Tariffs are creating a new set of winners and losers financially. SoFi joins the list of winners – which include Netflix and ServiceNow, as I wrote in an April 25 Forbes post.
How Government Policy Could Affect SoFi’s Future
New government polices could have a mixed impact on SoFi’s future.
The good news is loosening policies towards banks operating in the cryptocurrency business represent an opportunity for SoFi – enabling the fintech firm “to offer crypto investing by year-end, barring unforeseen circumstances,” Noto told CNBC.
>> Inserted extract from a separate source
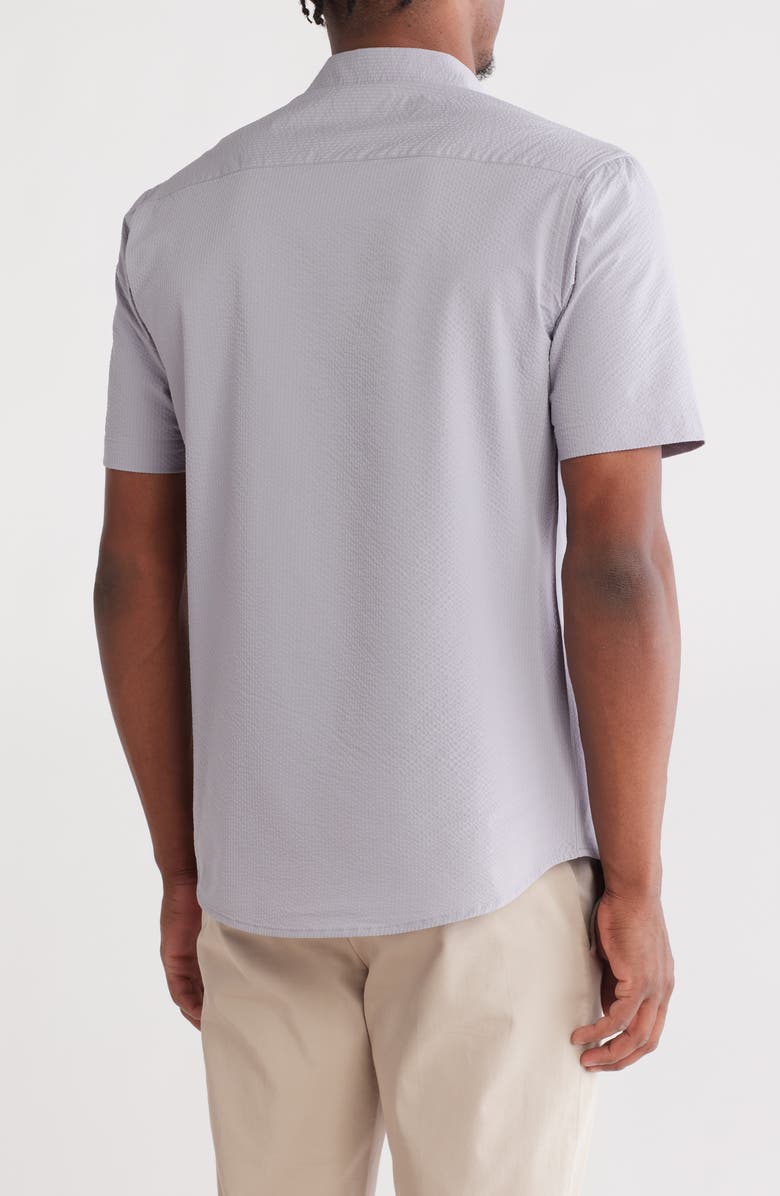 Vintage 1946 Hybrid Seersucker Short Sleeve Button-Down Shirt, Alternate, color, Silver Grey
It is unclear how new legislation aiming to tighten student loans would affect SoFi’s business. The tighter lending terms in the bill could reduce demand for student loan refinancing. The bill could also increase loan charge offs in the short-term while improving longer-term credit quality, noted SoFi’s Q1 2025 earnings call transcript.
Finally, Trump’s tariffs could make it hard for SoFi to keep growing rapidly. If tariffs remain at current levels, trade tensions could hurt growth and push inflation higher, trends that motivated Morgan Stanley analyst Jeffrey Adelson to issue a sell rating on the stock and set a price target of $6, according to The Globe And Mail.
SoFi’s Growth Flywheel
In 2021, one analyst envisioned SoFi would grow rapidly by 2025 and forge a path to profitability. Mizuho’s Dan Dolev wrote that he saw SoFi enjoying 40% average annual revenue growth between 2021 and 2025 and becoming profitable in 2024, according to my September 2021 Forbes post.
Dolev was pretty close in his estimate. Between 2021 and 2024, SoFi’s revenues grew at a 39% average annual rate from $977 million to $2,640 million. In 2024, SoFi earned $479 million in net income – after a loss in 2023, according to a company release.
To reach profitability, SoFi needed to lower its costs as it grew. To that end, SoFi would need to invest in a platform to support new services and then encourage its customers to buy more of them, I wrote.
In so doing, SoFi might “spread its costs over more products — achieving economies of scope — and through excellent customer service had the potential to add many new customers,” according to my post.
Dolev envisioned this working as SoFi encouraged “user engagement, nurturing a flywheel effect of more users taking advantage of SoFi’s multiple services driving additional growth.” He expected this flywheel to create “operating leverage” as revenues grow — ultimately “shrinking losses and…delivering profits,” according to Nasdaq.
What’s Next For SoFi Stock?
Will Morgan Stanley’s bearish view prevail or will achieving Noto’s optimistic vision send the company’s stock price higher?
Here are three bullish analyst views:
- SoFi will gain market share. Through investments in lending, spending, savings, and advisory, the fintech is “positioned to take share at an accelerating rate from traditional financial institutions,” noted an April 29 William Blair report featured by Barron’s.
- SoFi is a source of stability. The earnings beat and increased guidance make the company “a beacon of stability in turbulent times,” Mizuho Securities analysts wrote, according to Barron’s.
- Private credit investor demand will drive growth. The boosted full-year guidance suggests the company’s momentum will likely continue through the year, “supported by demand from private credit investors,” noted Jefferies analysts featured by Barron’s.
Yet the 0.3% contraction in first quarter gross domestic product, according to CNBC, could mean the concerns Morgan Stanley raised could cap SoFi’s upside.
Disclosure: I own shares in SoFi Technologies – starting as an angel investor in 2014.